Cannes fare typically veers from heady and provocative (like last year's Tree of Life) to huge and commercial (a slot filled most ostentatiously this year by Madagascar 3). Rarely, though, does one find a little comedy that could. But with The Sapphires, which premiered out of competition Saturday night to a standing ovation and dancing in the aisles, Harvey Weinstein may very well have a new Full Monty — that is, a crowd-pleasing comedy about underdogs coming into their own through performance (though without the naked men).

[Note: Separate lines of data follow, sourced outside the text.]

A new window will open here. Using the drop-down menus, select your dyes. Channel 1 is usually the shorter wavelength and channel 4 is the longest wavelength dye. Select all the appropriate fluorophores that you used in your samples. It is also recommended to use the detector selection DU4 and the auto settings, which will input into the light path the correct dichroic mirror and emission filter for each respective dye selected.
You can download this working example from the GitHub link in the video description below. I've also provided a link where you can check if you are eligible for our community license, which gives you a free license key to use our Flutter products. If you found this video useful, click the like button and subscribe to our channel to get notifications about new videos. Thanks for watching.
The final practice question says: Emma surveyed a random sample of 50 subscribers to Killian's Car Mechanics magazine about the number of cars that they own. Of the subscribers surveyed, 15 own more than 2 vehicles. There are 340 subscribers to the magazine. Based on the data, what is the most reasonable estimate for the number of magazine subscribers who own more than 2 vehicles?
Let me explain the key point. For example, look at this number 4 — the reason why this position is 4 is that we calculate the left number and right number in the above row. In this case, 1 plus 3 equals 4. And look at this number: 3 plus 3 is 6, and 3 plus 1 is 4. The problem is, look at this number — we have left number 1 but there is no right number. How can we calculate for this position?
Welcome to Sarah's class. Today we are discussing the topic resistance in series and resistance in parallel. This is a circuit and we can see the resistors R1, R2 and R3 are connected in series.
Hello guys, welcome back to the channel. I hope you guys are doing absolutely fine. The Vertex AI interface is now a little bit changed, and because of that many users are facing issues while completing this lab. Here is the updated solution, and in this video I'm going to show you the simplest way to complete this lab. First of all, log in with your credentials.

Set in 1968 and starring a cast of mostly unknowns, save for Chris O'Dowd from Bridesmaids, this is the tale of four Aboriginal sisters and cousins who form an all-girl singing group and wind up leaving the Australian outback to entertain the troops in Vietnam. Basically, it's Dreamgirls minus the star power and serious tone, though it does touch on the Vietnam War and Australia's history of racial discrimination against Aborigines. It was helmed by Aboriginal actor-writer-director Wayne Blair*, and one of the girls, Julie Mauboy, was the runner-up in the 2006 Australian Idol series.

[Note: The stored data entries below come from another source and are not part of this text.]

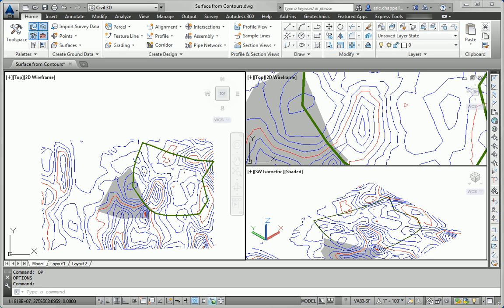Hello, this is Eric Chappelle, author of AutoCAD Civil 3D 2014 Essentials, and this is the Essentials and Beyond exercise for Chapter 4.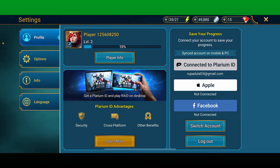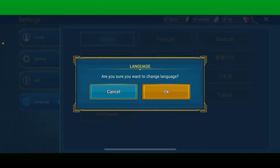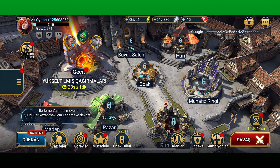From your profile page, tap on the language option from the left-hand side menu. Now select the language you'd like to change to from the options. Tap on OK in order to confirm your language change.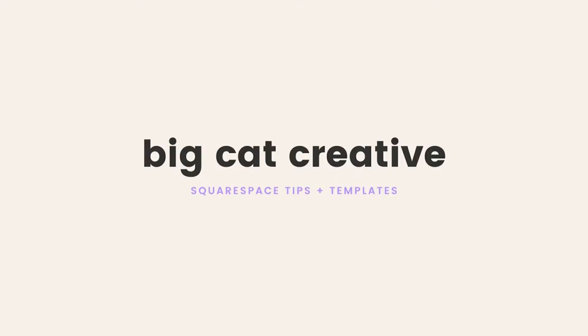Hey guys, it's Erica here from Big Cat Creative, and today I'm going to show you how to find out exactly which Squarespace template and version you're currently using.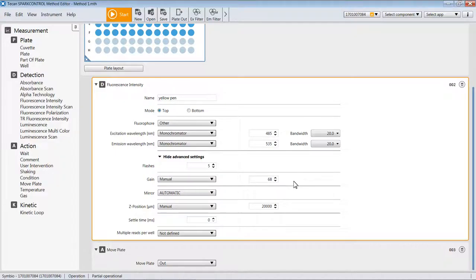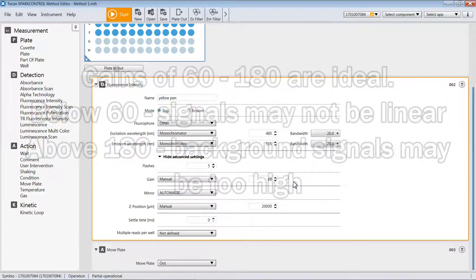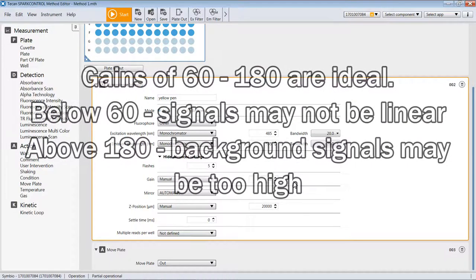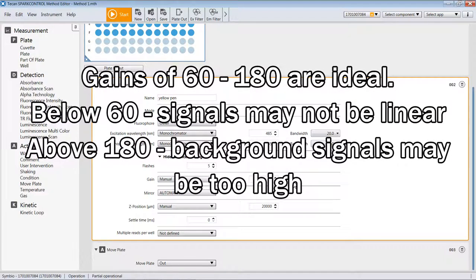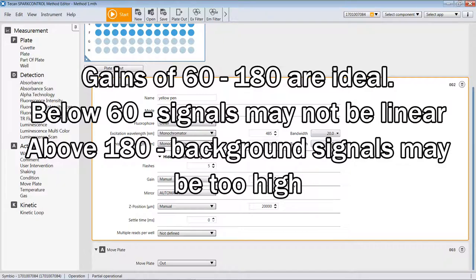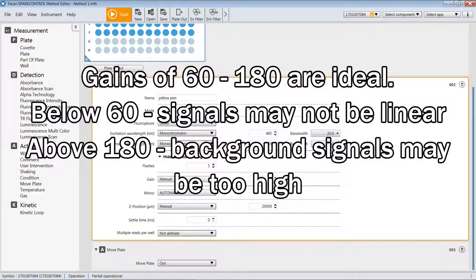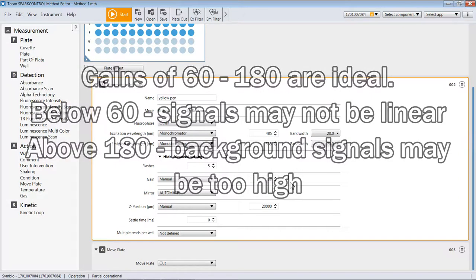Be mindful that ideal gains for instruments like the Spark will range between about 60 and 180. For very bright samples, the instrument may try to use a very low gain, something under 60, or for samples that are very dim, and maybe there is no fluorescence, it may come back and give you a gain that's much beyond 180. The instrument can, at very high gains, produce what appears to be signal when, in fact, it's just amplification of noise. It's best to try to operate within a range of about 60 to 180 if you can.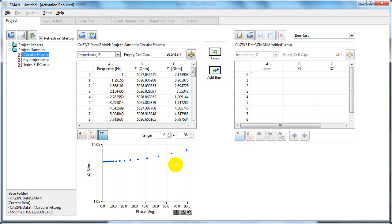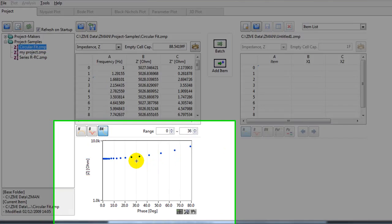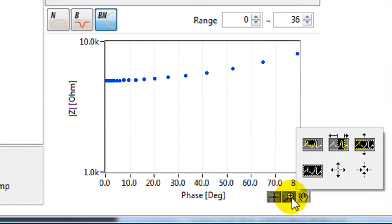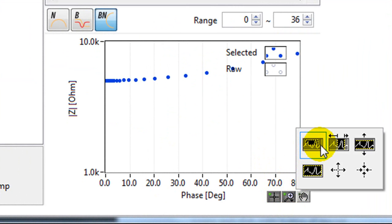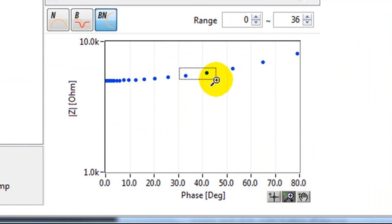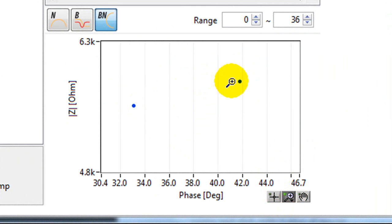There are also various options for the plot. For example, down here you can select to zoom in to some data. You can click on here and draw a rectangle around. You can zoom in to data.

After the premiere, Vulture buddy Steve Zeitchik of the Los Angeles Times tweeted: "Harvey Weinstein just grabbed my arm and said: 'Have you seen The Sapphires? The Artist just happened again." The next night, we saw Weinstein himself at the movie's official celebratory party on the roof of the JW Marriott, where Chris O'Dowd was performing "Sugar Pie Honey Bunch" (excerpted below) with his co-stars. (Weinstein actually shook his shoulders slightly to the music! We saw it with our own eyes.) "I'm having such fun with this movie," Weinstein told us. "It's fun!" But what about that tweet? Did he really say he thought The Sapphires was the next The Artist? "NO!" he bellowed over the music. "Some idiot at the ... no, no, no. It got a reception the size of ... It was a big reception for a long time. It was amazing. But no, I never said that. It was a misquote. It's its own thing. I really like these people, and it's a good story to tell."

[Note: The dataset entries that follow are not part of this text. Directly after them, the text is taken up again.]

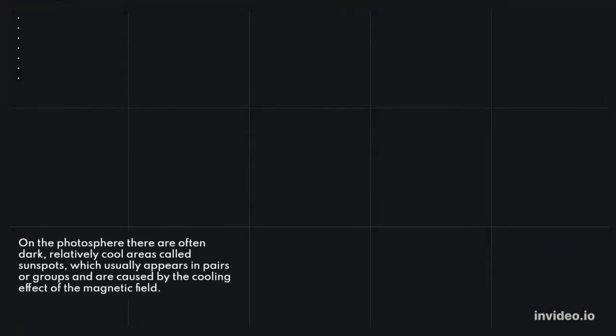On the photosphere there are often dark, relatively cool areas called sunspots, which usually appear in pairs or groups and are caused by the cooling effect of the magnetic field.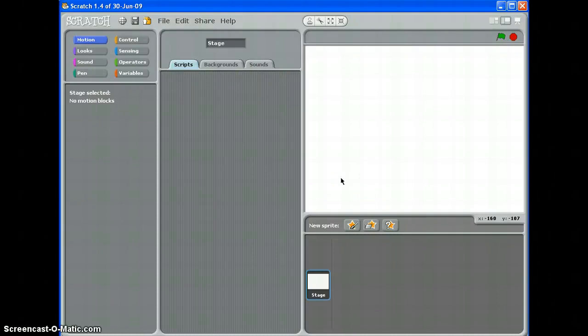Hi, it's Mr. Colley and in this video we're going to be looking at variables which are the parts of Scratch that you will use for things like lives or score.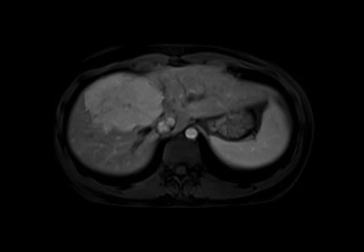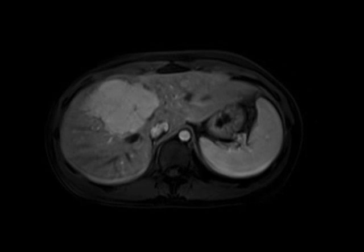Most importantly, on the post-gadolinium images, notice how on the arterial phase the mass is exquisitely hypervascular, roughly to the level of the IVC, but is very, very homogeneous. The mass is relatively iso-intense or perhaps hypo-intense on the venous and delayed phases.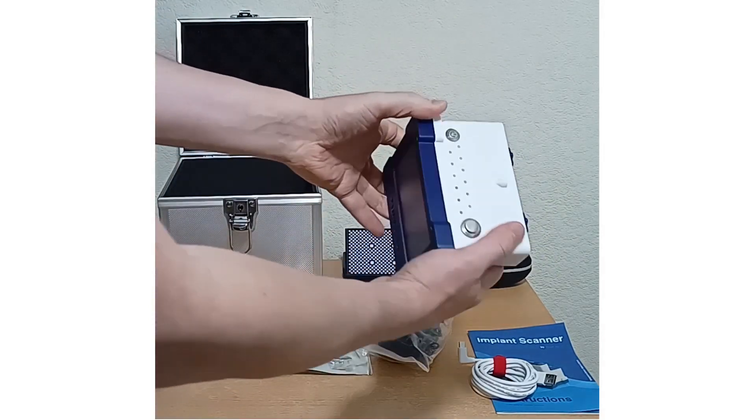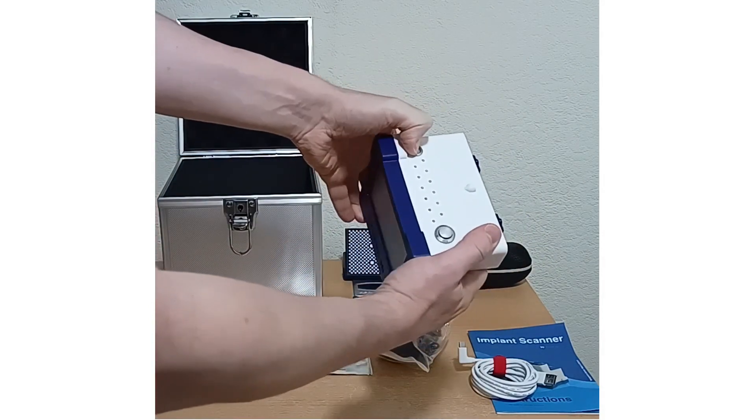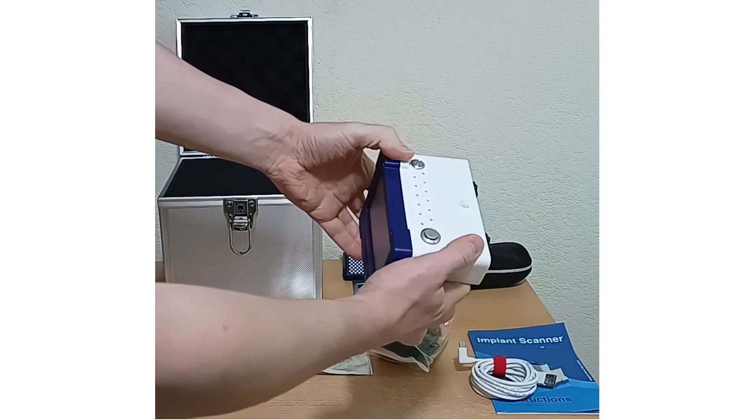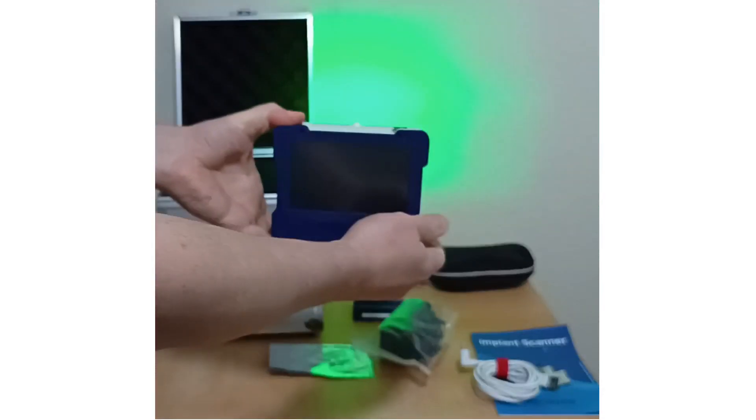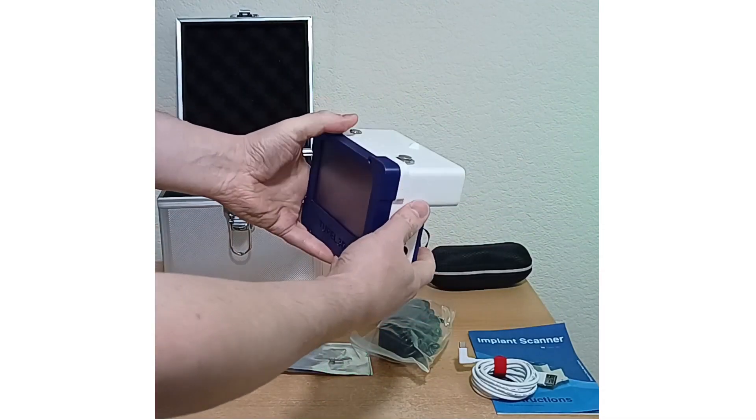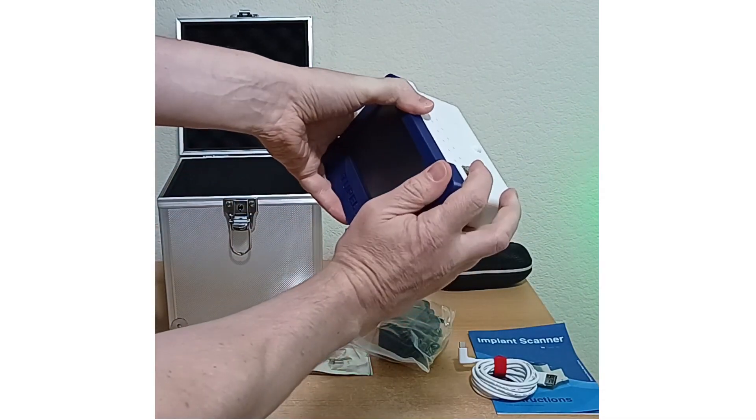We can switch the scanner on here, then you've got the capture button, like on a normal camera.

Even if it won't be the next The Artist, the film is a potential breakout hit, and Weinstein can certainly crow about all the money he's going to make. The movie mogul acquired The Sapphires just before the festival, and already he's thrown a brunch for the cast and crew, hosted them for cocktails before the premiere, and put together that soul-drenched big bash with O'Dowd singing lead. Weinstein has been so hands-on, Blight said, that he gave the film's team a detailed, instructional pep talk before entering the Grand Théâtre Lumière for the first screening.
"It's sort of like Henry V: Once more into the breach, dear friends. I don't think he does that that much," Blight said, then began the best nasal-y Weinstein imitation we've ever heard. "He was like, 'Wayne, guys, I love your film. We've got a hit film here. We've got to take our time, you've got the reception tonight. Wayne, when you walk in tonight, Thierry [Frémaux, the Delegate General] will meet you, Christian [another delegate] will meet you. You gotta shake their hands. You gotta have a tie on. You gotta have total respect for this place. They'll walk you in. You're the director, you're the auteur, Wayne. You walk in, you get a seat, Wayne, just take it in your stride. At the end, if you have a standing ovation, you have to stand up. Please do not sit down, Wayne."
* The original post misidentified the director.